La préservation de la culture et de l’identité du peuple chagossien constitue un autre enjeu majeur. «L’exil a fragilisé la mémoire collective, la langue et les traditions. Il est crucial de créer des programmes éducatifs en langue chagossienne, de soutenir la musique et les traditions orales, et de développer des centres de mémoire et de recherche consacrés à l’histoire chagossienne», explique Larifou. Le droit au retour culturel permet ainsi de maintenir un lien avec la terre, même si le retour physique reste limité pour l’instant.

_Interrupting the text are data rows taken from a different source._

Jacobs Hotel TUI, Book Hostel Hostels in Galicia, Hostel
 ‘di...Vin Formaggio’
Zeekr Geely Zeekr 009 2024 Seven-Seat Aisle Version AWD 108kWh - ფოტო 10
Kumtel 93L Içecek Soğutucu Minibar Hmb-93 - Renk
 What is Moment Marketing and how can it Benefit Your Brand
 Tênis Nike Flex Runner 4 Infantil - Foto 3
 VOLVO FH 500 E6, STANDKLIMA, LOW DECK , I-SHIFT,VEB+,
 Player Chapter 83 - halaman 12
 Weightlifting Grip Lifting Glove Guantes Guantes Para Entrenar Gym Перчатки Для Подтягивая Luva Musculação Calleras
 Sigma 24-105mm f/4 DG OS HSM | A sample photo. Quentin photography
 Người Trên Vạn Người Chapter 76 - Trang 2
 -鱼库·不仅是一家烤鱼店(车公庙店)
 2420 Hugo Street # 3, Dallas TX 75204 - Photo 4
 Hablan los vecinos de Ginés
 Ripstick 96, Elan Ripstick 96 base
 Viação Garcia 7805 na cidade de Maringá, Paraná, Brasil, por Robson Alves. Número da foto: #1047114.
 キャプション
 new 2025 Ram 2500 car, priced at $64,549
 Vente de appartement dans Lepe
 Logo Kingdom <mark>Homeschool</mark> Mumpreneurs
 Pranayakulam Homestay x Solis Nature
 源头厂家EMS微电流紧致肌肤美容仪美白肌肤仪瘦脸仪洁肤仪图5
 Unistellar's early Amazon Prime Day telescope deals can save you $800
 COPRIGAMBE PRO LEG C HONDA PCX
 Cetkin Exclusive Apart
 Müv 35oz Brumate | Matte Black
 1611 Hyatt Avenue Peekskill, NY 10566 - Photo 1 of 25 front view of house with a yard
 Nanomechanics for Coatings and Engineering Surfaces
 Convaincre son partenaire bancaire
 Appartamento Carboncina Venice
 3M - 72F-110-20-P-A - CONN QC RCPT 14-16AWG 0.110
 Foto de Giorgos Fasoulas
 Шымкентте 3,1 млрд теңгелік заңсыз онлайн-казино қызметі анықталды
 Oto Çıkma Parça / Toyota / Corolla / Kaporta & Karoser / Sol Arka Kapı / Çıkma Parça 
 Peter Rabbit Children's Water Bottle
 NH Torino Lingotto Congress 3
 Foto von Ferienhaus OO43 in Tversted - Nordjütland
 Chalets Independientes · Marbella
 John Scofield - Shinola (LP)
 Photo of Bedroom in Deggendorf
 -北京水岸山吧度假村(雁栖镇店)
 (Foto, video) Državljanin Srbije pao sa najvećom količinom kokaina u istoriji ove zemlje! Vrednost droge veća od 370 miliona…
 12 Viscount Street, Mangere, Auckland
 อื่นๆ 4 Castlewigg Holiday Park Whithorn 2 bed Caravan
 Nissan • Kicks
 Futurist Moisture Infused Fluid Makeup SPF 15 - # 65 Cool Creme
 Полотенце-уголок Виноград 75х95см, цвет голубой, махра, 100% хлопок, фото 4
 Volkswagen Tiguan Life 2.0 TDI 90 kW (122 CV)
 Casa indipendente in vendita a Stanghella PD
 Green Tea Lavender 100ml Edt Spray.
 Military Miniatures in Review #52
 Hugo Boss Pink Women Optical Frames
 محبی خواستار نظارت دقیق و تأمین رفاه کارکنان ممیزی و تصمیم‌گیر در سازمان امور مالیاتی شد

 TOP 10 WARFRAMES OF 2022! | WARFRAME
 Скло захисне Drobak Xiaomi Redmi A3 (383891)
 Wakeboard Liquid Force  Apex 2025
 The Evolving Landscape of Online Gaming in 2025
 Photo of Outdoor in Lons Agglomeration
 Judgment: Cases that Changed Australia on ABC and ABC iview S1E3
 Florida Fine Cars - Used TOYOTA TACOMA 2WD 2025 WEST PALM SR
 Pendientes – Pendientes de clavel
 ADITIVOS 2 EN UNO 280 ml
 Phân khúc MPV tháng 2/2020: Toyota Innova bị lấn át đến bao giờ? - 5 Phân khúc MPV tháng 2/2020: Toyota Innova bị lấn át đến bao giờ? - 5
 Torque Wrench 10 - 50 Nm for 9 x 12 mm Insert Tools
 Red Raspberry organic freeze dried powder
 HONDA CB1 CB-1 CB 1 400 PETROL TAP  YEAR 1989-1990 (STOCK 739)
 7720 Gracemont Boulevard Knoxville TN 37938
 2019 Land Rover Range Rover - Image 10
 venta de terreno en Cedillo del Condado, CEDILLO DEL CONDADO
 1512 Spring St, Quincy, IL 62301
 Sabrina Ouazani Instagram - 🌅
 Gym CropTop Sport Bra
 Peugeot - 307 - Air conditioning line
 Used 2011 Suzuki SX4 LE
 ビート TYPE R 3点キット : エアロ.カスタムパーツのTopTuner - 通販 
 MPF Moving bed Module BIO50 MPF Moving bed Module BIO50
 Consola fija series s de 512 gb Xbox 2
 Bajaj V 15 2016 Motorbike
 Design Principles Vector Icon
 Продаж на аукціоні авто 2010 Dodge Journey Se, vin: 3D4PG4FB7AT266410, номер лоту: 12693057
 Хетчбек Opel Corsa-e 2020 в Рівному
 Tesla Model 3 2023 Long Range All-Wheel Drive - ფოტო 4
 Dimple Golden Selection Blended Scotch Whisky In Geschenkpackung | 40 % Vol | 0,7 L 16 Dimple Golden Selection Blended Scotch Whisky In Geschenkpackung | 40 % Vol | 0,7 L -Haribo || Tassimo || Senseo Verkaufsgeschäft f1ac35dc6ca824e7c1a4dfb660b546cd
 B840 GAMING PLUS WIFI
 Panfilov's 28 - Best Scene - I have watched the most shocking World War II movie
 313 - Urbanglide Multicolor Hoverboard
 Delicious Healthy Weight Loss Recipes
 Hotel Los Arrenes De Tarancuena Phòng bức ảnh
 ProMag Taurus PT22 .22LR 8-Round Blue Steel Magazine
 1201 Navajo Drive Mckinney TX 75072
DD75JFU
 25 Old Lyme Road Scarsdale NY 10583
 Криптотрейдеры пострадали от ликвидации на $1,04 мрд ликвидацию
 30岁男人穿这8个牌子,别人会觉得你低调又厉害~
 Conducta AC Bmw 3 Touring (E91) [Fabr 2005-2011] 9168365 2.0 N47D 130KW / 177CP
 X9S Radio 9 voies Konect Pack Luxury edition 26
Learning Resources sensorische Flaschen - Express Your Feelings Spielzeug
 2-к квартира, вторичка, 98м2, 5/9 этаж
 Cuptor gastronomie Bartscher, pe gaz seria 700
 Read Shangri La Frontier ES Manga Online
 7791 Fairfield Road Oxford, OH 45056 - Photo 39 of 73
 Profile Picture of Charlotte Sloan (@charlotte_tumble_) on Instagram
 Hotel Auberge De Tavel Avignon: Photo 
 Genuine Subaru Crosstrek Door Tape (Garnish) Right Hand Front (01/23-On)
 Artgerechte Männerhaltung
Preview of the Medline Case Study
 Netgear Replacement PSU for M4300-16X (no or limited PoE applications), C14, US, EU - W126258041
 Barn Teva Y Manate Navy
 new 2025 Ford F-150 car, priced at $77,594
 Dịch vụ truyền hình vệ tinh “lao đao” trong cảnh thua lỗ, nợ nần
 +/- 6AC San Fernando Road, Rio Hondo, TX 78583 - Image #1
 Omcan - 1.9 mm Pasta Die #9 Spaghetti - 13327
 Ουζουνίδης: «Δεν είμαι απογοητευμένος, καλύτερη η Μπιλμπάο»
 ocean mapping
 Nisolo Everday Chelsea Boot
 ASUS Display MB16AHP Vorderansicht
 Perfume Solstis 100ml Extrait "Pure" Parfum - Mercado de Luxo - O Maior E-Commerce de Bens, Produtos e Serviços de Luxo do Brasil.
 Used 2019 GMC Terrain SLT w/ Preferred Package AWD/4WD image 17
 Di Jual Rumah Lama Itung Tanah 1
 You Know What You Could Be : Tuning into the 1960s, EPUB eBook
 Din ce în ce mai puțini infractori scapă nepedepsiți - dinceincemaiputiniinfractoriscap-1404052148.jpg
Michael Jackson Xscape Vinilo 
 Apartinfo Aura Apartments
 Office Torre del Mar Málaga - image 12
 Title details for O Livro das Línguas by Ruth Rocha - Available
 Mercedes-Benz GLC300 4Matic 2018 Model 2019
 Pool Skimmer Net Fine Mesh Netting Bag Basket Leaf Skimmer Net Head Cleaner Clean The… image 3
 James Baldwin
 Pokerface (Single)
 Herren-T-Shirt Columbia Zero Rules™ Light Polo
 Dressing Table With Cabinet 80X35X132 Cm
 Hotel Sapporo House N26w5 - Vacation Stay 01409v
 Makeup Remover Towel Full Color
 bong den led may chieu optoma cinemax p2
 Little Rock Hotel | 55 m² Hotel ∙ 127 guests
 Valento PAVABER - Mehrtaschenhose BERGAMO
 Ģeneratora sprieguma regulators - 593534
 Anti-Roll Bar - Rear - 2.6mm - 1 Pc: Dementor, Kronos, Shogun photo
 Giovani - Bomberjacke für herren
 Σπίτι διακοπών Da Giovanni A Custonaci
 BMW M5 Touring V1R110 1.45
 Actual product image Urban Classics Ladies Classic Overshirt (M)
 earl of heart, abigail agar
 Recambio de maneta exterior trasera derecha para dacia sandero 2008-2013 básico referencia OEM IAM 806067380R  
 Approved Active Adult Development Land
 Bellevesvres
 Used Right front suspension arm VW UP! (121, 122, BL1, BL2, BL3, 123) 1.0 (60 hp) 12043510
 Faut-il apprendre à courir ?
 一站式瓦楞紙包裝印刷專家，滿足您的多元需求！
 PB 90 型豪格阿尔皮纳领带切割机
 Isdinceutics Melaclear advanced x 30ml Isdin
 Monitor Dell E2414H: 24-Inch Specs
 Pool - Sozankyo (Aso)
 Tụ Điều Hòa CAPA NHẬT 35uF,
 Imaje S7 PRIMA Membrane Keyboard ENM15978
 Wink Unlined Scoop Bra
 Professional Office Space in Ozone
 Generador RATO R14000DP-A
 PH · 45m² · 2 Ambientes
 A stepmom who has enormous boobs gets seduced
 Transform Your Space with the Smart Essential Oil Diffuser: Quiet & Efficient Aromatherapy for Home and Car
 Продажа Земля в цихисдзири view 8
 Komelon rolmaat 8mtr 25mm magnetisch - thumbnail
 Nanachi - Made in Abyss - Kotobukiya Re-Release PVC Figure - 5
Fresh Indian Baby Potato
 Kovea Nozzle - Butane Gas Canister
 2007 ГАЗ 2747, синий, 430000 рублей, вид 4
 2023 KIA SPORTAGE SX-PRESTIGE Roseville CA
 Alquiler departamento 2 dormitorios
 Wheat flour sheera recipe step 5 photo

Enfin, le droit international permet de réclamer réparation pour les pertes subies depuis l’expulsion. «Plus de soixante ans après ce crime, la réparation la plus précieuse reste la reconnaissance internationale du peuple chagossien», conclut Larifou. Une reconnaissance qui constituerait un acte de justice historique et la véritable réparation pour des générations privées de leur terre et de leur dignité.

La lutte des Chagossiens s’inscrit donc dans une double dimension : juridique et diplomatique. Elle repose sur la consolidation du GTRAC, l’intensification des recours devant les juridictions internationales, la pression diplomatique sur le Royaume-Uni, et la préservation de la mémoire et de la culture chagossienne. C’est un combat pour le droit au retour, pour la restitution de leurs terres et ressources, et pour la reconnaissance pleine et entière de leur identité et de leur souveraineté.

Le peuple chagossien, soutenu par des forces vives africaines, des ONG internationales et la communauté internationale, continue de réclamer justice et autodétermination. Cinquante ans après la déportation, leur détermination demeure intacte, et leur combat pour la reconnaissance historique et juridique de leurs droits reste plus que jamais d’actualité.